Nosotros le veíamos cada día laborable, mañana y tarde. Su silueta y su sombra
estaban fijas en las pupilas de todos y cada uno y, no es que era omnipresente,
tal vez nosotros somos los que lo éramos. En realidad, el Pedagógico tenia
forma circular y en medio estaban los jardines y paseos que dirigían a todos
lugares propios de la institución universitaria: ya sea a los dormitorios o a
las aulas, los comedores, los campos deportivos, la piscina o a la cafetería.

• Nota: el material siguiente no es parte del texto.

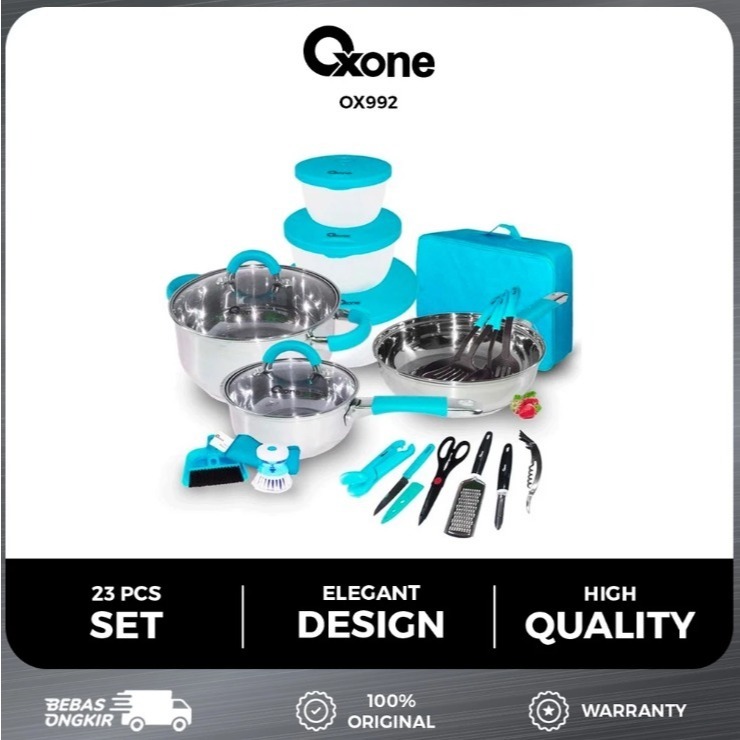 Travel Cookware Panci Set Oxone OX-992 / Cookware Set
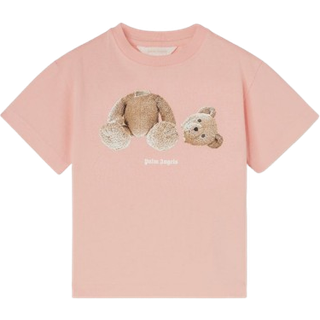 Palm Angels Kids Printed cotton T-shirt - pink - Y 10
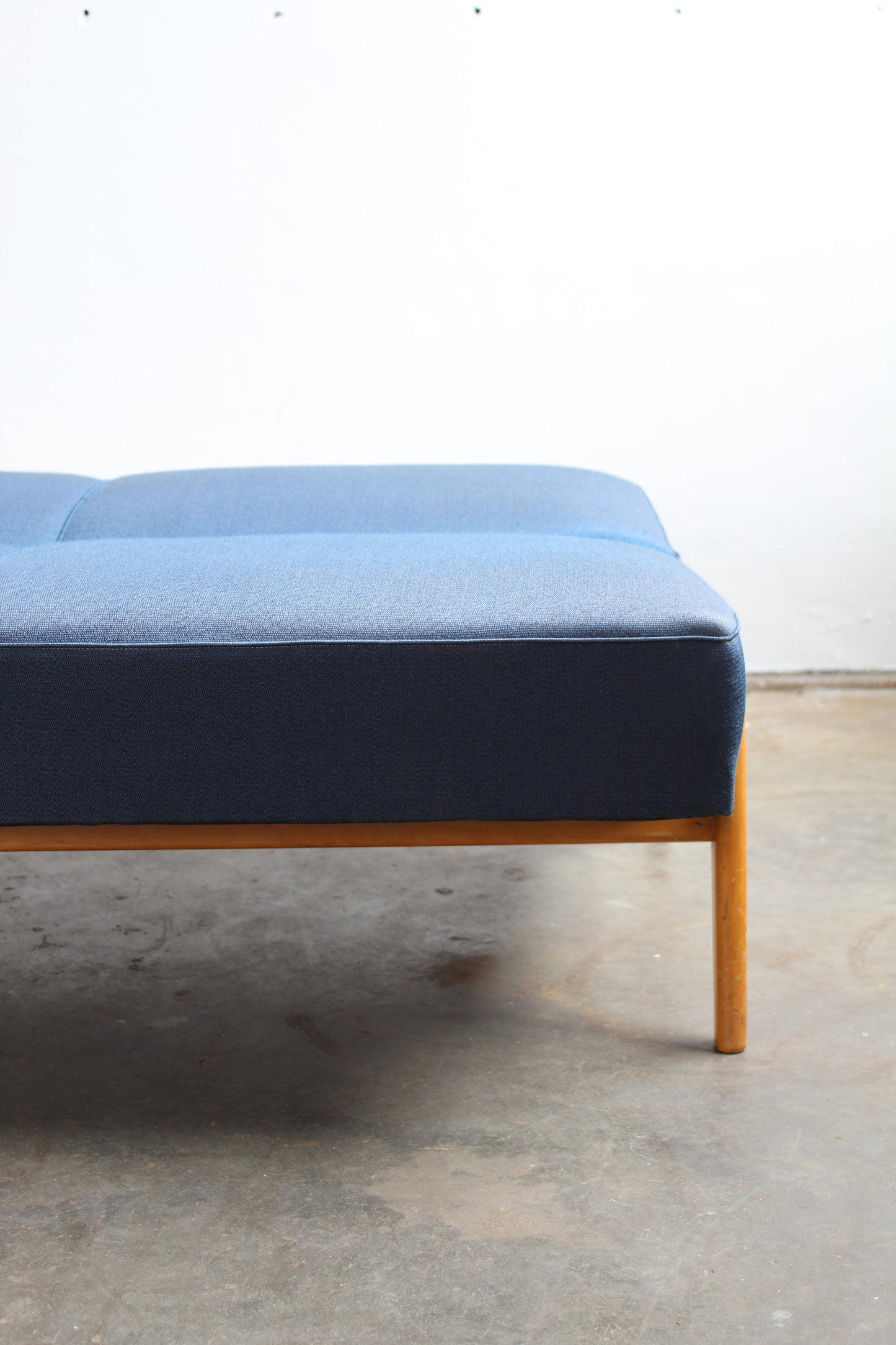 Vintage 3-zits-bank slaapbank jaren '60 blauw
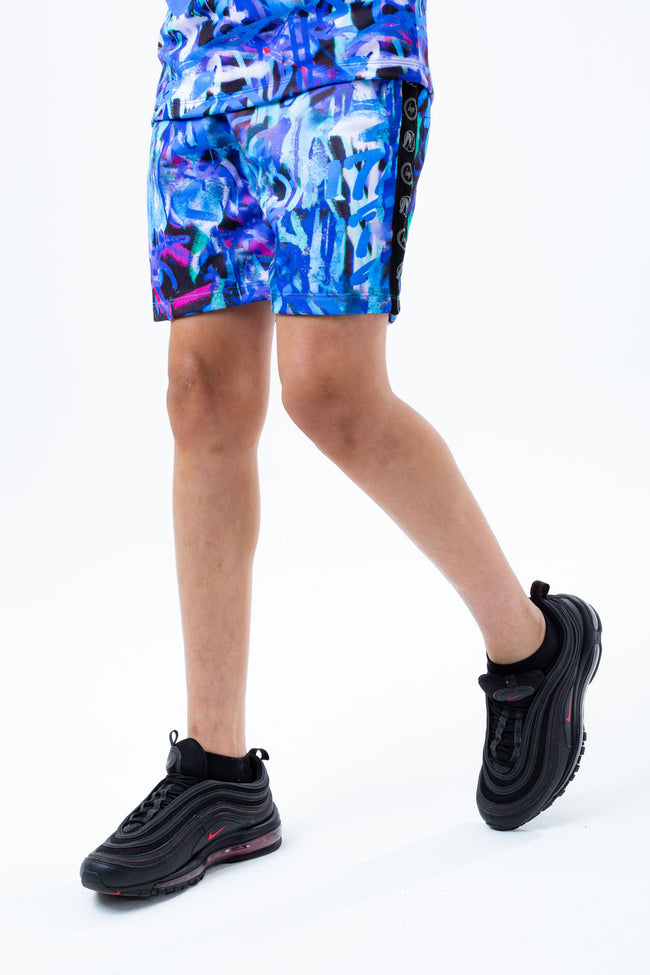 HYPE X NERF BLUE GRAFFITI KIDS SHORTS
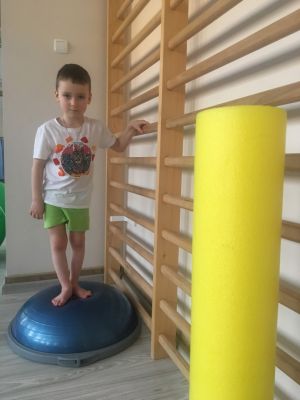 Zdjęcie z gabinetu fizjoterapii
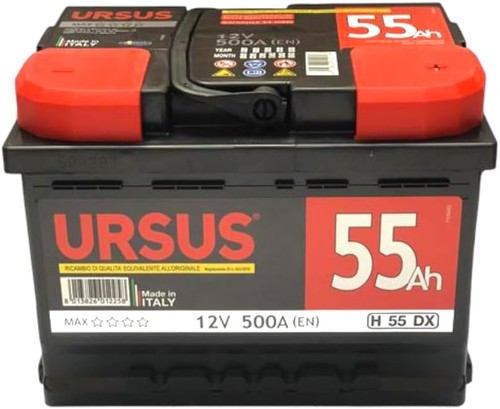 Batteria auto 12v 55ah - auto, ursus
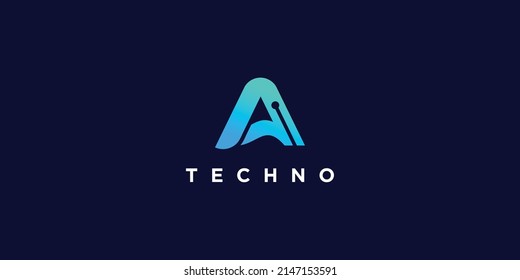 Logo mit einfachem und modernem Konzept, Premium Vector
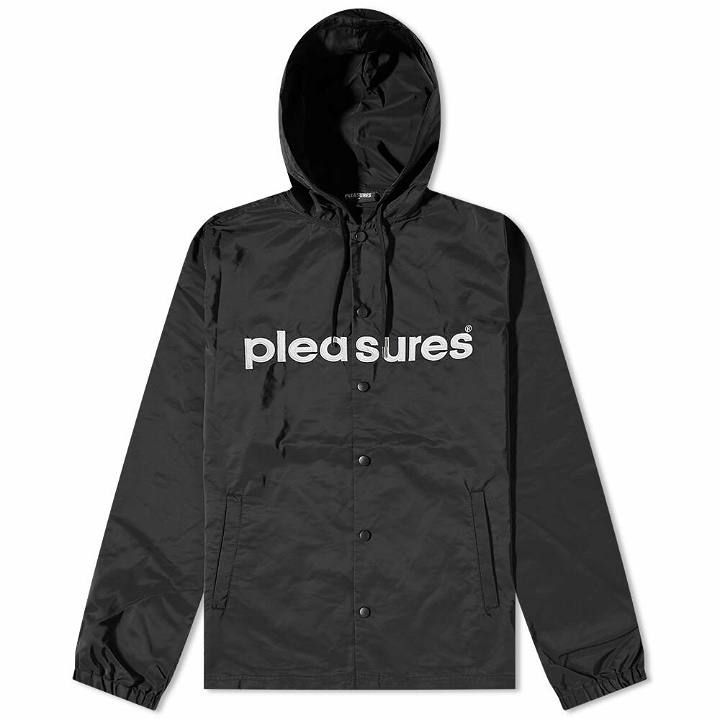 Photo: Pleasures Men's Keys Hooded Coach Jacket in Black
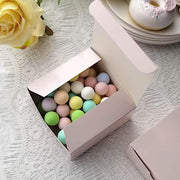 100 4"x4"x2" Cake Wedding Party Favors Boxes with Tuck Top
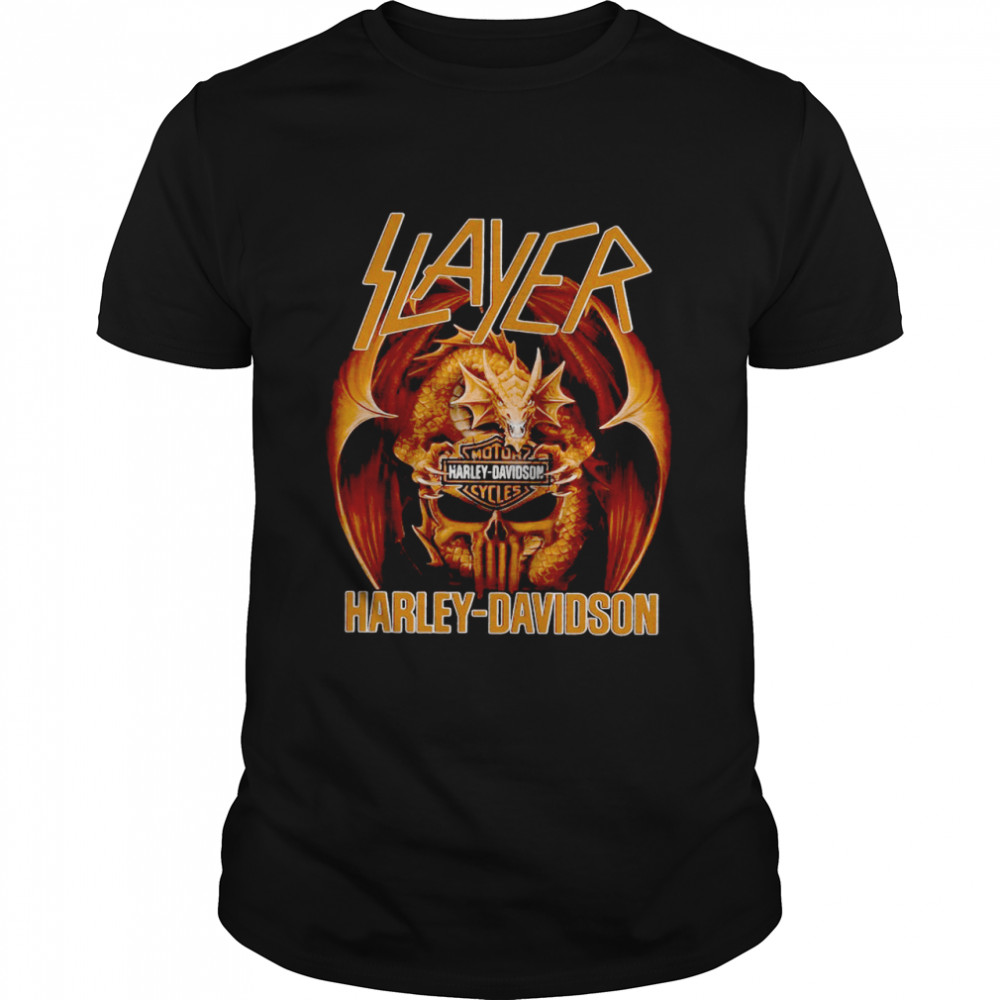 Slayer Harley Davidson shirt Classic Men's T-shirt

Nuestra vida giraba en círculo alrededor
de él, y a través de él.
El viejo regalaba flores preciosas a miles, a todas ellas por supuesto y a
ellos si las pidiéramos, siempre las daba con el gesto preciso de encorvarse
sonriendo y saludar. El viejo, aunque no lo puedo precisar, tentaba a las
mujeres con cada flor, con cada saludo con cada sonrisa. No es para menos.
Transformaba el barro en
jardines. Serpenteaba los caminos, los alargaba y los hacía más cortos. Los
coloreaba a su genial gusto, hasta los hacía sombreados y frescos. Las caricias
infinitas que daba a sus plantas eran como un soplo de vida para ellas, porque
a solo dos días de plantarlas emergían fogosas, tiernas y radiantes como de
milagro. Algo les susurraba, algo les impregnaba que, dichosas asomaban a la
vida sin dilación. El viejo arrugado y encorvado, sabia de la vida doblemente,
sabía de la humana, porque él es humano y sabia de las plantas tanto como de sí
mismo. Su vida, en el Pedagógico, estaba ligada a nosotros, que éramos los
estudiantes universitarios y los futuros profesores, porque nos hacia la vida
más amena, más colorida, aunque nuestra vida de antaño que veíamos colorida y
disfrutábamos coloradamente, intrínsecamente iba a la par con su
artificio y su criterio romántico.
Al atardecer se iba del Pedagógico como venía: en su pequeña bicicleta que
apenas rodaba, su imagen en esa bici, completaba el circulo de su vida entre
nosotros, porque esa silueta viejuca en esa bici diminuta, también de por sí
era otra historia. Apenas cuando se va o viene, importaba algo, aunque tenía un
aspecto jocoso, el señor mayor de la bici pequeña, susurrábamos. Siempre le he
recordado. A mi modo de ver era algo romántico, bonito y sobre todo admirable.
¡Ay, viejo!, por tu culpa
hoy no soy jardinero y, verme tranquilo con mis plantas y mis rosas y mis
caminos de hierba y poder admirar la hojarasca que cae medio muerta para dejar
sitio a una nueva vida, rastrillar y juntar esas hojas para hacerme una cama y
dormitar una que otra siesta, como hacías tú.
¡Ay¡, viejo jardinero del Pedagógico, tu
no me dejaste, aunque sea aprender a ser como tú, un buen jardinero un buen
cuidador, una persona más culta más inteligente. Si no te hubiera conocido,
seguro hoy sería jardinero y así quizás me admiren las plantas las rosas y
hasta los humanos.
Viejo. Con todo, cuando intenté ser
jardinero, no pude y salte las normas de la vida y tiré la guataca y salí
corriendo del jardín, luego renuncié siquiera ir a la agencia para cobrar los
días trabajados, mi enfado, no me creía digno de cobrar nada, era por respeto a
la persona y a la profesión de jardinero, por una vez fui consecuente. Tú me
enseñaste el valor de los jardineros y ya eso no cambiará para mí nunca. Viejo,
yo jamás podría ser como tú. Porque el que crea vida y la perfecciona, entre
otras cosas, quizás era jardinero, la profesión de las mil manos.